As dawn breaks on the first day of open deer hunting season and the sounds of gunfire ring out in the apple orchards behind my house in south-central Pennsylvania, I am thinking about the state's complete lack of investment in protecting wildlife at road crossings.
The roads here run red with the blood of deer and other animals during the late fall when wildlife movement is at a peak and driver-deer collisions rise exponentially. In fact Pennsylvania is among the leading states for deer-car collisions, according to national insurance studies.

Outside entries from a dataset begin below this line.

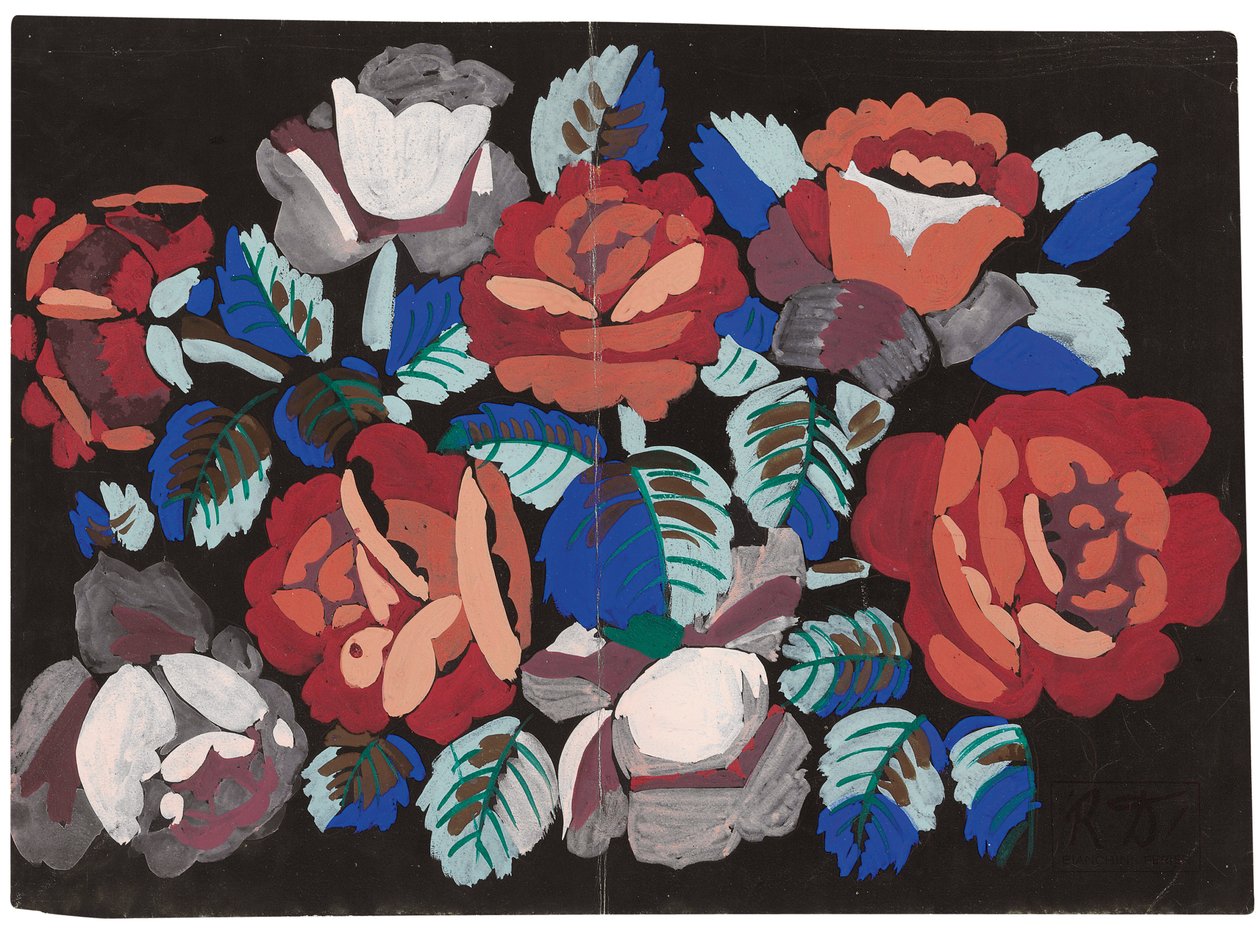  av Raoul Dufy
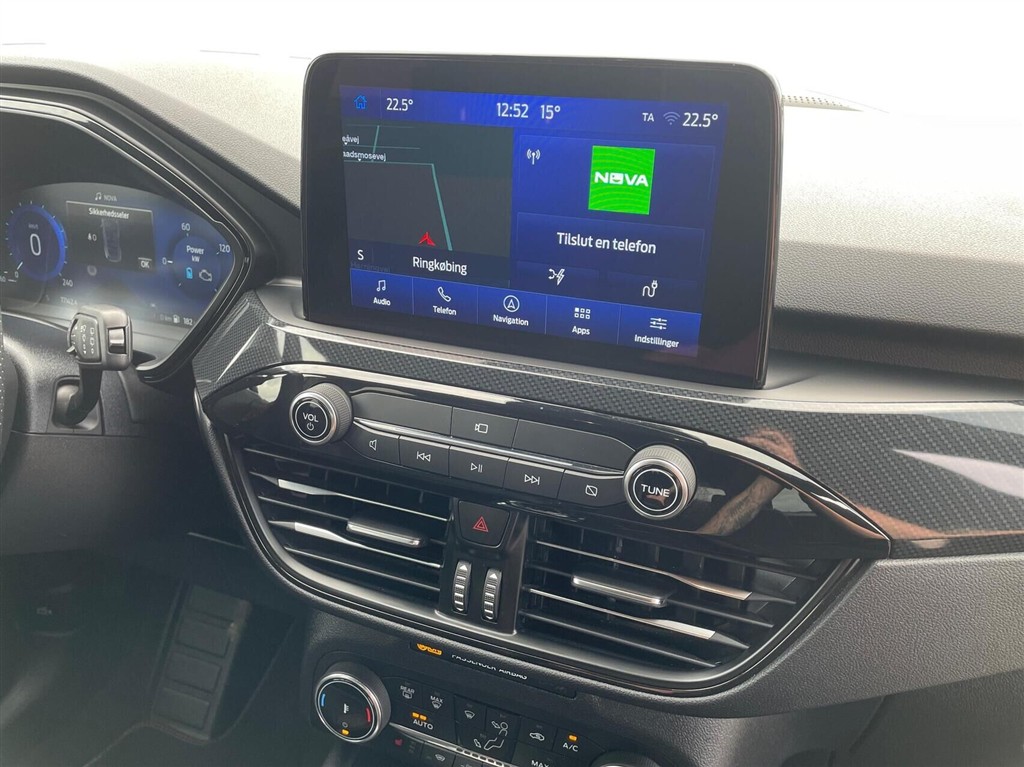 Ford Kuga ST-Line X billede 11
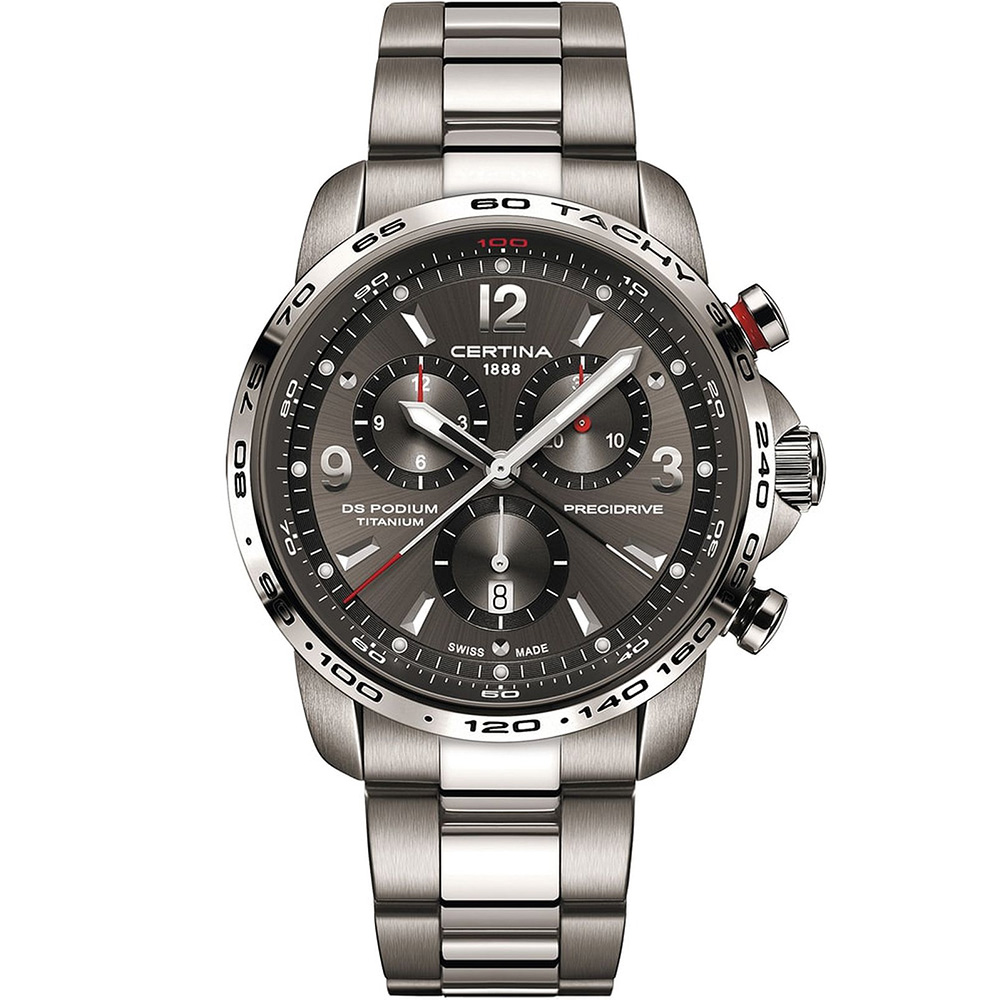 Certina Ds Podium C001.647.44.087.00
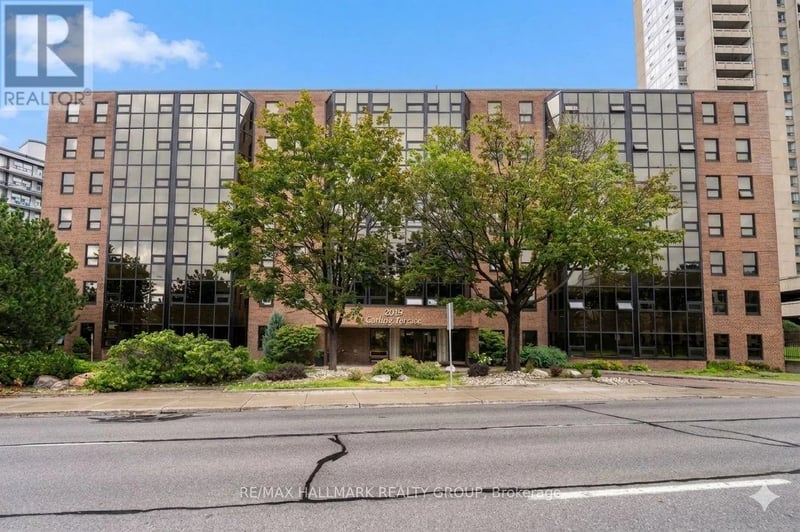 #509 2019 Carling Avenue, Ottawa, Ontario, K2A4A2, Ottawa, Ontario — photo 1 of 5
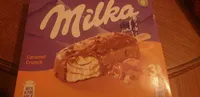 Caramel Crunch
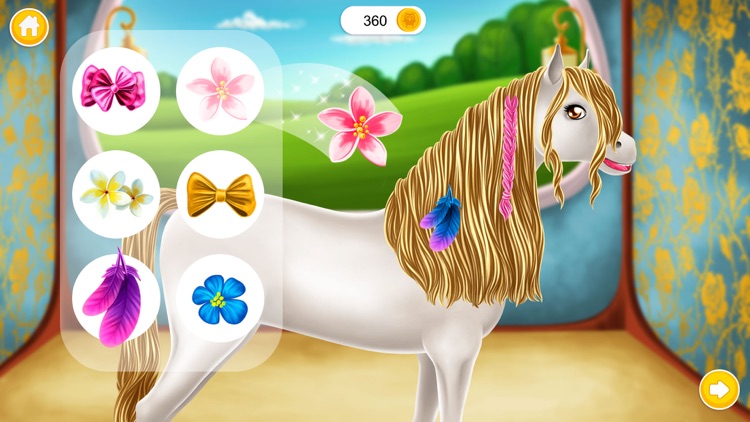 Princess Horse Club 3 screenshot-5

I wouldn't doubt it. I pass five deer carcasses a day on my 25-mile commute this time of year. I see the bodies of raccoons and possums lying at the base of those solid Jersey barriers that they could not scale.
Hunting is a great economic generator - the state issues 900,000 hunting licenses each year - and there is no shortage of funding when it comes to statewide battles over deer herd management and Sunday hunting or wildlife "control" like the latest round of deer herd culling at Valley Forge.
But where is Pennsylvania when it comes to wildlife protection? Look at what our neighbors spend to help animals get across roadways safely. Maryland Virginia passage under the busy George Washington Pkwy. In New Jersey wildlife moves above the traffic on I-78 where overpasses have been built in high-crossing areas.
In Pennsylvania we don't even put up adequate deer crossing signs. How about higher fences along highways PennDot, small passages in concrete barriers to let animals through or installing road deer sensors in high-crossing areas like the state of Indiana did on the Indiana thruway?
(The PA Game Commission and PennDot did spend $150,000 a few years ago on a pilot project to install deer sensors on Rte. 322 near Harrisburg but the plug was pulled and the system declared a failure almost as quickly as it was installed.)
In its 2011 report to Congress on the subject, the Federal Highway Administration estimates some 300,000 wildlife-vehicle collisions with 96 percent of them involving deer. They caution that number is likely much lower than the reality because there is often no reporting when damage is not severe.
Studies show wildlife fencing, detection systems, underpasses and overpasses work, according to the federal report.
In Maryland, many wildlife species, like this raccoon, are using storm drains and culverts to cross highways/
Pennsylvania residents and officials interested in learning about ways other states have helped protect wildlife might look here at Wildlife and Roads website, a resource for addressing wildlife crossing issues.
How about humane deer population controls in high density areas, where habitat fragmentation poses greater risks for wildlife-car collisions? Pennsylvania Game Commission executive director Carl Roe dismissed the idea of deer birth control in a recent interview as "too expensive." We wonder if Mr. Roe and his team at the PGC have even investigated the idea. Seems once again, Pennsylvania's neighbors are on the cutting edge. Maryland and New Jersey are the two states where vaccine to curb deer population has been approved for use. Tests conducted by U.S. Department of Agriculture have found that the vaccines work in controlled wild horse and feral swine populations, according to a Discovery News report.
And what is the hope of officials in those states? That the number of deer-car collisions are reduced.
So is the cost in auto damage, in higher insurance rates, in human and animal lives - when we do nothing.